* [WORK TO COMPLETE]: Write out the records that follow with every word intact.

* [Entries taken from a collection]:
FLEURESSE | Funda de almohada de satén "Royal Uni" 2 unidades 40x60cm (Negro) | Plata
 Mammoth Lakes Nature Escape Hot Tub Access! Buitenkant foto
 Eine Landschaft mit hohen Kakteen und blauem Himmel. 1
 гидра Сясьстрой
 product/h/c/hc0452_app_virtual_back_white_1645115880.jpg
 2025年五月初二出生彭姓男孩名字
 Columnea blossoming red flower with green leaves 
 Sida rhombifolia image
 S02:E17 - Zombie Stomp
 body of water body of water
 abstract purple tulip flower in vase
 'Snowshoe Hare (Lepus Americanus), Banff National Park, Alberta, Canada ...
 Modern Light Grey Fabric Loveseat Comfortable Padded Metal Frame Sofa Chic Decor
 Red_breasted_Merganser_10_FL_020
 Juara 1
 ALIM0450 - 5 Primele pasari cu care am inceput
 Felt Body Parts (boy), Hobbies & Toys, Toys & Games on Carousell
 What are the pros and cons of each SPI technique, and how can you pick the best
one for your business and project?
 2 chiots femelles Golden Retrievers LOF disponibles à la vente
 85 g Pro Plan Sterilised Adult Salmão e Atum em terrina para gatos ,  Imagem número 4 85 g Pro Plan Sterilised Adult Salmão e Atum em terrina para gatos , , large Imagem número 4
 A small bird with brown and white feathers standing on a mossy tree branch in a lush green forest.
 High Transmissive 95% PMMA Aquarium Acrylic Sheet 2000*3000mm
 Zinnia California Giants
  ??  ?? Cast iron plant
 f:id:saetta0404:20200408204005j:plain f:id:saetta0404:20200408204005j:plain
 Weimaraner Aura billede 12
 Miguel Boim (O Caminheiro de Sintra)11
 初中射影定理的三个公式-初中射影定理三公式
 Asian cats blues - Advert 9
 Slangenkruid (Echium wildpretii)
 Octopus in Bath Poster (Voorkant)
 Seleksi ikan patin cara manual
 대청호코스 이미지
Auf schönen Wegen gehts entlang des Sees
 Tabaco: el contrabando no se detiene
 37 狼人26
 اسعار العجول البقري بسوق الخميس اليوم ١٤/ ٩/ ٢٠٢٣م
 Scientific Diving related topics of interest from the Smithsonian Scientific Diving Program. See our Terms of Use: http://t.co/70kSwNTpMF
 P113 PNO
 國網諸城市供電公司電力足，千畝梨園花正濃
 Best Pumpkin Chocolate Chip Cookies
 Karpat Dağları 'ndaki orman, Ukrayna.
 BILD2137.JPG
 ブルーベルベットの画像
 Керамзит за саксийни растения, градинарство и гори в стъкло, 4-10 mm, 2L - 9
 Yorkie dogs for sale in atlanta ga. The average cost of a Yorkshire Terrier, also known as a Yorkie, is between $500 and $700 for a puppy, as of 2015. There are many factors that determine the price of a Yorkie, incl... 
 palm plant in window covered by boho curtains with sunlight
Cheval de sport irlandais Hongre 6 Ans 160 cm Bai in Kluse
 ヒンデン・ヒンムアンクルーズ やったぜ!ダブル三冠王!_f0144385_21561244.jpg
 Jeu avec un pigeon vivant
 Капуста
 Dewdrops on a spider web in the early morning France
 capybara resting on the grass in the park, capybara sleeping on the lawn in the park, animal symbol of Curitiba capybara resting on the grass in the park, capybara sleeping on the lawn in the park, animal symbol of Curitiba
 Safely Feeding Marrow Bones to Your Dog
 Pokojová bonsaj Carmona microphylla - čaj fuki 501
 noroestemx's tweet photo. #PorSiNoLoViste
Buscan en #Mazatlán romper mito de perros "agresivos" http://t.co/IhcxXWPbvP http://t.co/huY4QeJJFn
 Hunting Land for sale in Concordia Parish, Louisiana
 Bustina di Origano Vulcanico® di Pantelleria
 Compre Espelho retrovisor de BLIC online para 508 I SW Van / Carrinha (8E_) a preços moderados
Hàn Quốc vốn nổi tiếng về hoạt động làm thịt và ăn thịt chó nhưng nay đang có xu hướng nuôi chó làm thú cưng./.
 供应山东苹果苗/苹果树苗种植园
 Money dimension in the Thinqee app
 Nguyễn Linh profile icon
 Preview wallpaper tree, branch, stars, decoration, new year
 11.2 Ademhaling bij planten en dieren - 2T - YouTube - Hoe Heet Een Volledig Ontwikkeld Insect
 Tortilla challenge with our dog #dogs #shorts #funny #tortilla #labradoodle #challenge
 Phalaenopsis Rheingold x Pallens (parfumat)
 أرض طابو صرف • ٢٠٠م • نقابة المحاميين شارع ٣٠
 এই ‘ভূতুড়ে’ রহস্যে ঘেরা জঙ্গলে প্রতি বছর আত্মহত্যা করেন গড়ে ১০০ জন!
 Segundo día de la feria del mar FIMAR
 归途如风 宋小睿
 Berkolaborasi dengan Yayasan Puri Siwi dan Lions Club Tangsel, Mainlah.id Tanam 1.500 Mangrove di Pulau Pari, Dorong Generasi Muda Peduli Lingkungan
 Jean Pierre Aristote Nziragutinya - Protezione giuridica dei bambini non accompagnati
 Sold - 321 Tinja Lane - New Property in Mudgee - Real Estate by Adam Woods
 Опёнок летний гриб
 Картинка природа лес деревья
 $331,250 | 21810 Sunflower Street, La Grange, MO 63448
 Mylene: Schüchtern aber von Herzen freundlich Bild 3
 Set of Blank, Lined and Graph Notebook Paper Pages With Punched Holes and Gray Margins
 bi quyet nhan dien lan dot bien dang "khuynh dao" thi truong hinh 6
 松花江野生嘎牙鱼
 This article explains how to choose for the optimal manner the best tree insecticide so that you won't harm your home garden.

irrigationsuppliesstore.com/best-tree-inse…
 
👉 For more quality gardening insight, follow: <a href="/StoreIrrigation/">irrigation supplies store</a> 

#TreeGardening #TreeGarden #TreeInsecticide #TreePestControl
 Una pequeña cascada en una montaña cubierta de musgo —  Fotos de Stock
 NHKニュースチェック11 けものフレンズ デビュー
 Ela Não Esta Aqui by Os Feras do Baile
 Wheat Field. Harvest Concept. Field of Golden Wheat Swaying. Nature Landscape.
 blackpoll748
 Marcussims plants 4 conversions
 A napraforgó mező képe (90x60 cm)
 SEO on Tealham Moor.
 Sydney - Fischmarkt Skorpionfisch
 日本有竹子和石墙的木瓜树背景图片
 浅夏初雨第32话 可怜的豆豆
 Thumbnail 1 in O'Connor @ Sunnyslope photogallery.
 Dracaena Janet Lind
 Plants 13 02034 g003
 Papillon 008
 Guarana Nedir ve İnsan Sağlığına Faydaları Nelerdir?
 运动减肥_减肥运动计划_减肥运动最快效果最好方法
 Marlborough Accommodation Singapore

* [SOLUTION]:
FLEURESSE | Funda de almohada de satén "Royal Uni" 2 unidades 40x60cm (Negro) | Plata
 Mammoth Lakes Nature Escape Hot Tub Access! Buitenkant foto
 Eine Landschaft mit hohen Kakteen und blauem Himmel. 1
 гидра Сясьстрой
 product/h/c/hc0452_app_virtual_back_white_1645115880.jpg
 2025年五月初二出生彭姓男孩名字
 Columnea blossoming red flower with green leaves 
 Sida rhombifolia image
 S02:E17 - Zombie Stomp
 body of water body of water
 abstract purple tulip flower in vase
 'Snowshoe Hare (Lepus Americanus), Banff National Park, Alberta, Canada ...
 Modern Light Grey Fabric Loveseat Comfortable Padded Metal Frame Sofa Chic Decor
 Red_breasted_Merganser_10_FL_020
 Juara 1
 ALIM0450 - 5 Primele pasari cu care am inceput
 Felt Body Parts (boy), Hobbies & Toys, Toys & Games on Carousell
 What are the pros and cons of each SPI technique, and how can you pick the best
one for your business and project?
 2 chiots femelles Golden Retrievers LOF disponibles à la vente
 85 g Pro Plan Sterilised Adult Salmão e Atum em terrina para gatos ,  Imagem número 4 85 g Pro Plan Sterilised Adult Salmão e Atum em terrina para gatos , , large Imagem número 4
 A small bird with brown and white feathers standing on a mossy tree branch in a lush green forest.
 High Transmissive 95% PMMA Aquarium Acrylic Sheet 2000*3000mm
 Zinnia California Giants
  ??  ?? Cast iron plant
 f:id:saetta0404:20200408204005j:plain f:id:saetta0404:20200408204005j:plain
 Weimaraner Aura billede 12
 Miguel Boim (O Caminheiro de Sintra)11
 初中射影定理的三个公式-初中射影定理三公式
 Asian cats blues - Advert 9
 Slangenkruid (Echium wildpretii)
 Octopus in Bath Poster (Voorkant)
 Seleksi ikan patin cara manual
 대청호코스 이미지
Auf schönen Wegen gehts entlang des Sees
 Tabaco: el contrabando no se detiene
 37 狼人26
 اسعار العجول البقري بسوق الخميس اليوم ١٤/ ٩/ ٢٠٢٣م
 Scientific Diving related topics of interest from the Smithsonian Scientific Diving Program. See our Terms of Use: http://t.co/70kSwNTpMF
 P113 PNO
 國網諸城市供電公司電力足，千畝梨園花正濃
 Best Pumpkin Chocolate Chip Cookies
 Karpat Dağları 'ndaki orman, Ukrayna.
 BILD2137.JPG
 ブルーベルベットの画像
 Керамзит за саксийни растения, градинарство и гори в стъкло, 4-10 mm, 2L - 9
 Yorkie dogs for sale in atlanta ga. The average cost of a Yorkshire Terrier, also known as a Yorkie, is between $500 and $700 for a puppy, as of 2015. There are many factors that determine the price of a Yorkie, incl... 
 palm plant in window covered by boho curtains with sunlight
Cheval de sport irlandais Hongre 6 Ans 160 cm Bai in Kluse
 ヒンデン・ヒンムアンクルーズ やったぜ!ダブル三冠王!_f0144385_21561244.jpg
 Jeu avec un pigeon vivant
 Капуста
 Dewdrops on a spider web in the early morning France
 capybara resting on the grass in the park, capybara sleeping on the lawn in the park, animal symbol of Curitiba capybara resting on the grass in the park, capybara sleeping on the lawn in the park, animal symbol of Curitiba
 Safely Feeding Marrow Bones to Your Dog
 Pokojová bonsaj Carmona microphylla - čaj fuki 501
 noroestemx's tweet photo. #PorSiNoLoViste
Buscan en #Mazatlán romper mito de perros "agresivos" http://t.co/IhcxXWPbvP http://t.co/huY4QeJJFn
 Hunting Land for sale in Concordia Parish, Louisiana
 Bustina di Origano Vulcanico® di Pantelleria
 Compre Espelho retrovisor de BLIC online para 508 I SW Van / Carrinha (8E_) a preços moderados
Hàn Quốc vốn nổi tiếng về hoạt động làm thịt và ăn thịt chó nhưng nay đang có xu hướng nuôi chó làm thú cưng./.
 供应山东苹果苗/苹果树苗种植园
 Money dimension in the Thinqee app
 Nguyễn Linh profile icon
 Preview wallpaper tree, branch, stars, decoration, new year
 11.2 Ademhaling bij planten en dieren - 2T - YouTube - Hoe Heet Een Volledig Ontwikkeld Insect
 Tortilla challenge with our dog #dogs #shorts #funny #tortilla #labradoodle #challenge
 Phalaenopsis Rheingold x Pallens (parfumat)
 أرض طابو صرف • ٢٠٠م • نقابة المحاميين شارع ٣٠
 এই ‘ভূতুড়ে’ রহস্যে ঘেরা জঙ্গলে প্রতি বছর আত্মহত্যা করেন গড়ে ১০০ জন!
 Segundo día de la feria del mar FIMAR
 归途如风 宋小睿
 Berkolaborasi dengan Yayasan Puri Siwi dan Lions Club Tangsel, Mainlah.id Tanam 1.500 Mangrove di Pulau Pari, Dorong Generasi Muda Peduli Lingkungan
 Jean Pierre Aristote Nziragutinya - Protezione giuridica dei bambini non accompagnati
 Sold - 321 Tinja Lane - New Property in Mudgee - Real Estate by Adam Woods
 Опёнок летний гриб
 Картинка природа лес деревья
 $331,250 | 21810 Sunflower Street, La Grange, MO 63448
 Mylene: Schüchtern aber von Herzen freundlich Bild 3
 Set of Blank, Lined and Graph Notebook Paper Pages With Punched Holes and Gray Margins
 bi quyet nhan dien lan dot bien dang "khuynh dao" thi truong hinh 6
 松花江野生嘎牙鱼
 This article explains how to choose for the optimal manner the best tree insecticide so that you won't harm your home garden.

irrigationsuppliesstore.com/best-tree-inse…
 
👉 For more quality gardening insight, follow: <a href="/StoreIrrigation/">irrigation supplies store</a> 

#TreeGardening #TreeGarden #TreeInsecticide #TreePestControl
 Una pequeña cascada en una montaña cubierta de musgo —  Fotos de Stock
 NHKニュースチェック11 けものフレンズ デビュー
 Ela Não Esta Aqui by Os Feras do Baile
 Wheat Field. Harvest Concept. Field of Golden Wheat Swaying. Nature Landscape.
 blackpoll748
 Marcussims plants 4 conversions
 A napraforgó mező képe (90x60 cm)
 SEO on Tealham Moor.
 Sydney - Fischmarkt Skorpionfisch
 日本有竹子和石墙的木瓜树背景图片
 浅夏初雨第32话 可怜的豆豆
 Thumbnail 1 in O'Connor @ Sunnyslope photogallery.
 Dracaena Janet Lind
 Plants 13 02034 g003
 Papillon 008
 Guarana Nedir ve İnsan Sağlığına Faydaları Nelerdir?
 运动减肥_减肥运动计划_减肥运动最快效果最好方法
 Marlborough Accommodation Singapore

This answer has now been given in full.